HackIDLE-NIST-Coder v1.1.1 is a prompt and metadata patch over the v1.1 model built from Qwen2.5-Coder-7B-Instruct and trained on 530,912 examples from 596 NIST publications.

Use it for NIST-grounded brainstorming, draft explanations, and finding likely publications or control families to read next.

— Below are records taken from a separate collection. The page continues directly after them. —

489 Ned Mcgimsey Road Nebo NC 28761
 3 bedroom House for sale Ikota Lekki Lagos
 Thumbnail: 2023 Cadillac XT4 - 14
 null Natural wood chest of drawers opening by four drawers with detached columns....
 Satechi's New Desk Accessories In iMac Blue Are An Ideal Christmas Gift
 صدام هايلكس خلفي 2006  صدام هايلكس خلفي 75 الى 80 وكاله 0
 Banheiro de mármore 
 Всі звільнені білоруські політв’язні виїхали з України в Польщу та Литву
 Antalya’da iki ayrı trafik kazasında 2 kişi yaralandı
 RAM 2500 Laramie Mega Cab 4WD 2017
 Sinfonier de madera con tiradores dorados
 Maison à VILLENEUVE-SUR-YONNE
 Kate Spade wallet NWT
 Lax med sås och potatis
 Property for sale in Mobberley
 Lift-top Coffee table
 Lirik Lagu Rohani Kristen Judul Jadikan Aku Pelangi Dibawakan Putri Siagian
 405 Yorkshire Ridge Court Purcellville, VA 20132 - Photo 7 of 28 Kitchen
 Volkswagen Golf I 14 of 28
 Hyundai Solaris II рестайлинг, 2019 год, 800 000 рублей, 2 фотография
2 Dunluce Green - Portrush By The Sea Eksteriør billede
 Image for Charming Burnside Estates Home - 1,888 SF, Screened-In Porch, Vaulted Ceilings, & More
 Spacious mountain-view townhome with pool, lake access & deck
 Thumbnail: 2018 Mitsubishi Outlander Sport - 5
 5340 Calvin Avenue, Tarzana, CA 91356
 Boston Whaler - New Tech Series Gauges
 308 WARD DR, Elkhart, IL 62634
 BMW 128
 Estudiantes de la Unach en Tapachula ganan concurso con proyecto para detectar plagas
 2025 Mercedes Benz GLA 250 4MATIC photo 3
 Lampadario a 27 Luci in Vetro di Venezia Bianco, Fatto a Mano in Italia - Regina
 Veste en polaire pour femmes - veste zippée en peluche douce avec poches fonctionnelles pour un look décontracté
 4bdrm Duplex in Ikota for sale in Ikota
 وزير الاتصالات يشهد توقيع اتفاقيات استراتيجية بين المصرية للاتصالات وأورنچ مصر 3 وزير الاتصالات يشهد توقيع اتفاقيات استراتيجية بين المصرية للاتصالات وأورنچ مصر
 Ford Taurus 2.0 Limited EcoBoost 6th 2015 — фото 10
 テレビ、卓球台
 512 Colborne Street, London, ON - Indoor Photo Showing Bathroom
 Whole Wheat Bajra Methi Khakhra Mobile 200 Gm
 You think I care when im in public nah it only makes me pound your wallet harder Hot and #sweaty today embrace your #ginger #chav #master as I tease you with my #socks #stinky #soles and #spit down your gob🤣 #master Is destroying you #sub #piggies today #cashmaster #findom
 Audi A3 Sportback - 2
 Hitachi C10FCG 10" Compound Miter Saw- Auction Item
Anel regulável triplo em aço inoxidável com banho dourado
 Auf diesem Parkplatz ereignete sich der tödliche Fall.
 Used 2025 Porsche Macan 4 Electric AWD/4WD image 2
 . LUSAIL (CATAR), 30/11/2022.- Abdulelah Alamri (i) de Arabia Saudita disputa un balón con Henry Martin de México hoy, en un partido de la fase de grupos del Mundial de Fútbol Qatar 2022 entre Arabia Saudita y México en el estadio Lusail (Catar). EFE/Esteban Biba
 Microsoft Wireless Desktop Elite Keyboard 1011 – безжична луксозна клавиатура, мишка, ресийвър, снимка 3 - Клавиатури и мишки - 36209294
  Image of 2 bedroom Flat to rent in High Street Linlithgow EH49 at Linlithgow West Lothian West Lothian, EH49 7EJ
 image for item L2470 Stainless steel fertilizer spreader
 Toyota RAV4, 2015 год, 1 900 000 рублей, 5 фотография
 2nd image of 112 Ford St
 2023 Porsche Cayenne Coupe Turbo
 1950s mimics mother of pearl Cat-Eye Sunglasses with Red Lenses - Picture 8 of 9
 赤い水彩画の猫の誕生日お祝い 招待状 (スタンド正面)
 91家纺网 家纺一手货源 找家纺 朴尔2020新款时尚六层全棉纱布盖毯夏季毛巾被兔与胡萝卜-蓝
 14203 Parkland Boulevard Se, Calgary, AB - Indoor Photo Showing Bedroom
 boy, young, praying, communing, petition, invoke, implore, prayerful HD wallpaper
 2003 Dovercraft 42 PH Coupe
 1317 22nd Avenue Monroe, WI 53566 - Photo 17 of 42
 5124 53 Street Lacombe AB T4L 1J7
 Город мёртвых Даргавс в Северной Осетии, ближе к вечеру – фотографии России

Do not use it as the source of truth for exact control names, RMF step ordering, SP 800-207 reference-architecture components, or compliance language that will be reused without checking the original publication.

Training data

The underlying v1.1 corpus includes:

  • FIPS cryptographic standards
  • SP 800 security guidance and controls
  • SP 1800 practice guides
  • NIST IR technical reports
  • CSWP material, including CSF 2.0, Zero Trust, Post-Quantum Cryptography, IoT security, and privacy engineering

Dataset:

Current eval status

I ran a small local smoke eval on April 22, 2026 against etgohome/hackidle-nist-coder:latest. In that local Ollama install, latest matched the v1.1 line.

Result: 1/5 cases passed.

The model stayed in-domain and handled a rough FIPS 140-2 vs. FIPS 140-3 comparison. It still missed exact grounding on:

  • SP 800-207 reference-architecture component names
  • the full SP 800-37 Rev. 2 RMF sequence
  • the exact CM-6 control name and description
  • stronger publication selection and logging/audit grounding for a contractor remote-access planning prompt

That is the important limitation. The model can sound close while still being wrong on exact NIST structure.

Good uses

This model is useful for:

  • brainstorming where to start in NIST
  • drafting first-pass explanations
  • surfacing likely document families
  • turning NIST-flavored questions into something a human can verify
  • local experimentation with domain fine-tuning on Apple Silicon

It is not reliable enough yet for:

  • exact control names
  • exact framework step ordering
  • exact reference-architecture component naming
  • answers that need source-level correctness on the first pass

Training method

  • Base model: Qwen2.5-Coder-7B-Instruct-4bit
  • Fine-tuning method: LoRA with MLX
  • Version note: v1.1.1 did not retrain the model. It updates the public prompt, model-card language, and eval caveat.
  • Hardware: Apple M4 Max, 128 GB RAM
  • Training iterations: 1,000, plus checkpoint recovery work
  • Final training loss: 1.420
  • Best validation loss: 1.512
  • Trainable parameters: 11.5M

Other formats

License

The base model is Qwen2.5-Coder-7B-Instruct, released under Apache 2.0. The NIST source publications used for the dataset are public domain U.S. government works.